Section 6.01. General Powers. Except as otherwise provided in this Certificate of Incorporation or the DGCL, the business and affairs of the Corporation shall be managed under the direction of the Board of Directors.

Section 6.02. Number of Directors; Independence. The number of directors constituting the entire Board of Directors shall be fixed from time to time pursuant to the Bylaws of the Corporation but in no event shall be less than seven (7) or more than fifteen (15). So long as the Class A Common Stock of the Corporation is listed for trading on a national securities exchange, a majority of directors shall be independent in accordance with and as defined by the rules and regulations of such exchange.

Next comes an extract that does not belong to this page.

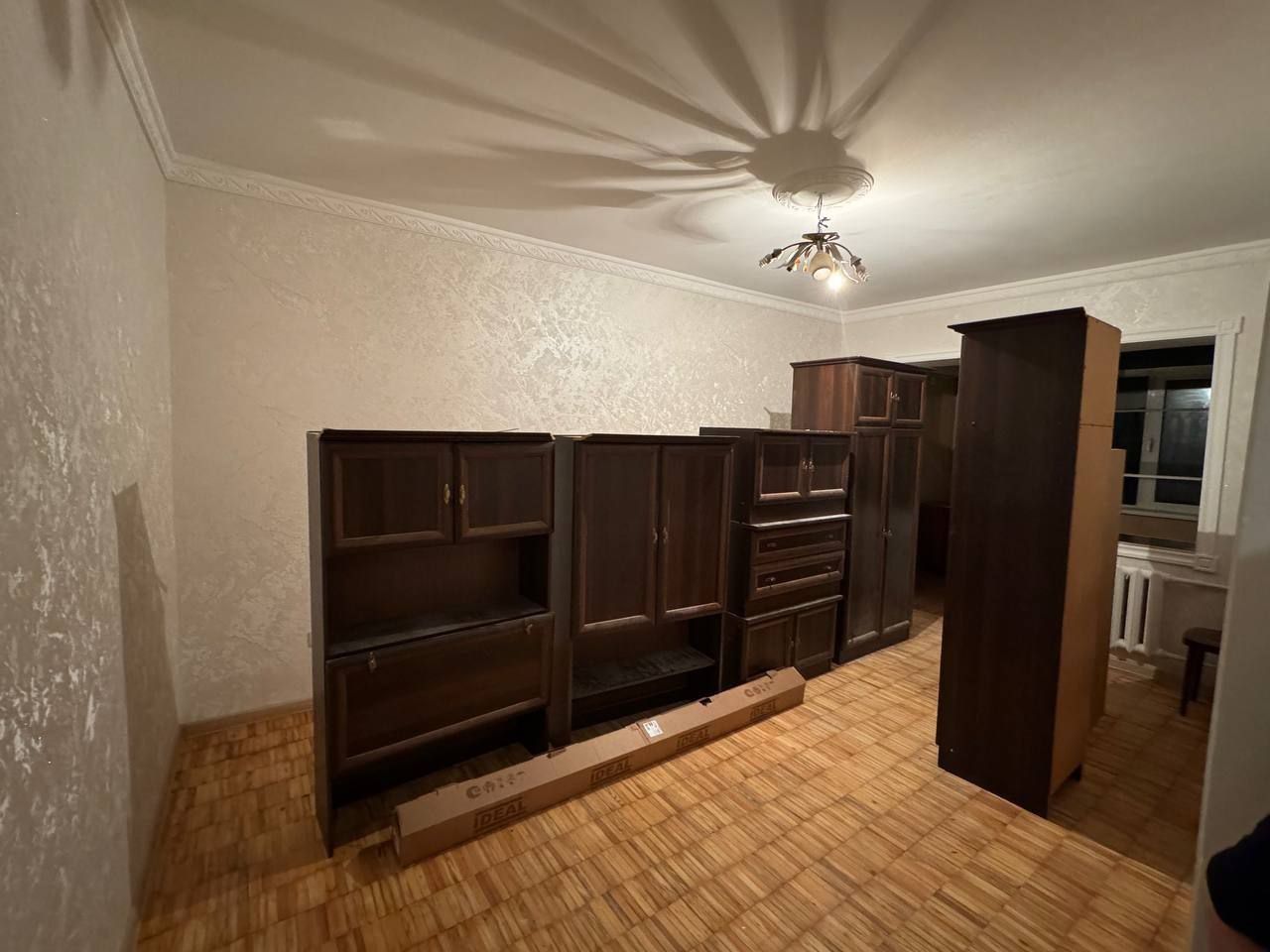 Срочная продажа Мирзо Улугбекский р-н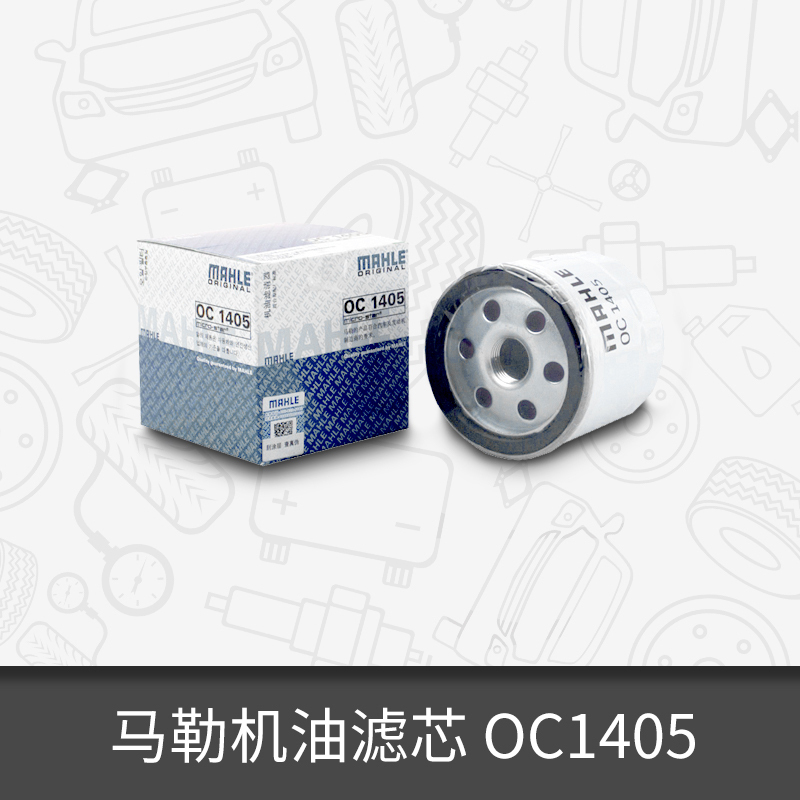 MAHLE Oil Filter OC1405 is suitable for Fox Fiesta Pterodactyl Wing Mondeo Taurus N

Section 6.03. Term; No Cumulative Voting. Directors shall be elected at each annual meeting and shall serve until their successors are elected and qualified or until such director’s earlier death, resignation, removal, or ineligibility to serve as specified in the Bylaws of the Corporation. There shall be no cumulative voting in the election of directors.

Section 6.04. Removal. Directors of the Corporation may be removed with or without cause, at a meeting called expressly for that purpose, and only upon the affirmative vote of the holders of a majority of the voting power of all of the then-outstanding shares of capital stock of the Company entitled to vote at an election of directors.

Section 6.05. Vacancies; Newly Created Directorships. Any vacancies or newly created directorships in the Board of Directors resulting from an increase in the size of the Board of Directors or the death, resignation or removal of a director may be filled only by the affirmative vote of a majority of the remaining directors in office, even if the remaining directors do not constitute a quorum. Any director appointed to fill a vacancy shall serve until such director’s successor is elected and qualified or until such director’s earlier death, resignation, removal, or ineligibility to serve as specified in the Bylaws of the Corporation.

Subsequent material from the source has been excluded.